Pic Nic railway station, alternatively Pic-Nic, Pic-nic[1] or Picnic, was a railway station in Melbourne, Australia. It was on the Hawthorn line (now the Belgrave and Lilydale line), on the Melbourne side of the Hawthorn Railway Bridge over the Yarra River,[2][3] between Church Street (now East Richmond) and Hawthorn stations, and provided access to the adjacent Burnley Park.
The line to the station was opened by the Melbourne and Suburban Railway Company on 24 September 1860, and was extended to Hawthorn seven months later, following the completion of the Hawthorn Railway Bridge.

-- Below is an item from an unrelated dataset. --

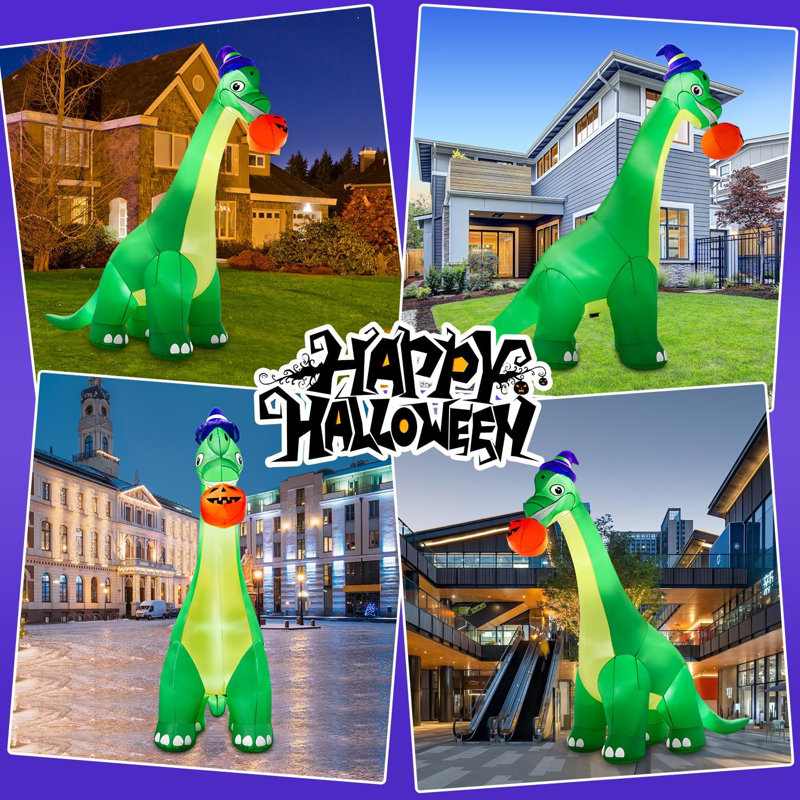 Jacere Halloween Decoration
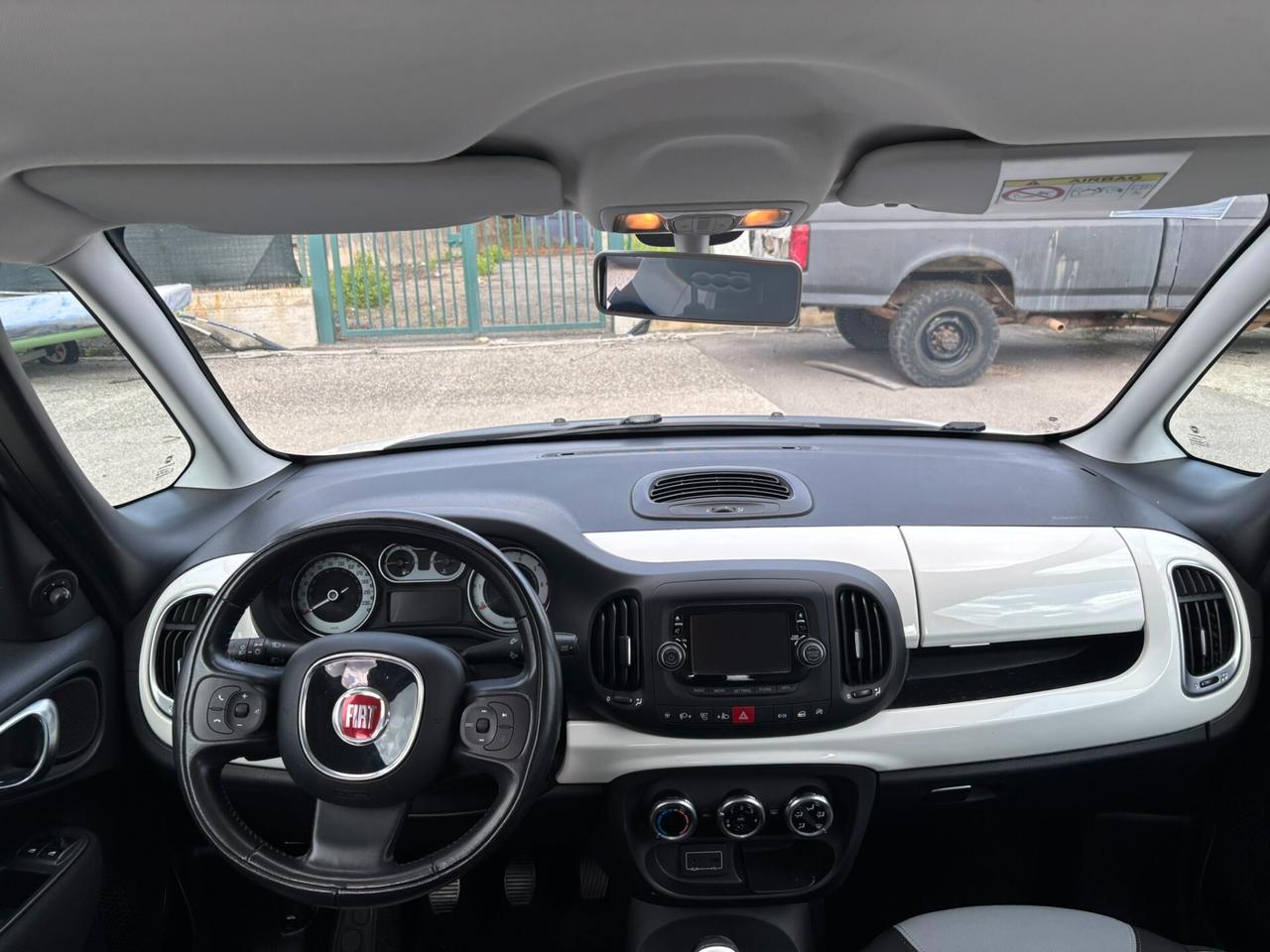 Fiat 500L 1.3 Multijet 95 CV Lounge OK NEOPATENTATI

The station was included in the sale of the line to the Victorian Railways in 1878, and the duplication of the track to Hawthorn in 1882.[4]
The station was the scene of a serious accident on 2 December 1882, when two trains collided head-on. One person was killed and 178 injured when a special train, returning from a land sale at Box Hill, collided with a scheduled train from Melbourne to Camberwell.[5]
On 6 October 1895, Pic Nic was closed as a block point, and the station closed to all traffic on 18 July 1898.[4] There is now an axle counter near the site, almost certainly a coincidence.[citation needed]
Today, there is still remnants of Pic Nic, with bluestone bricks used in the stations platform still visible today near the Glen Waverley lines crossover.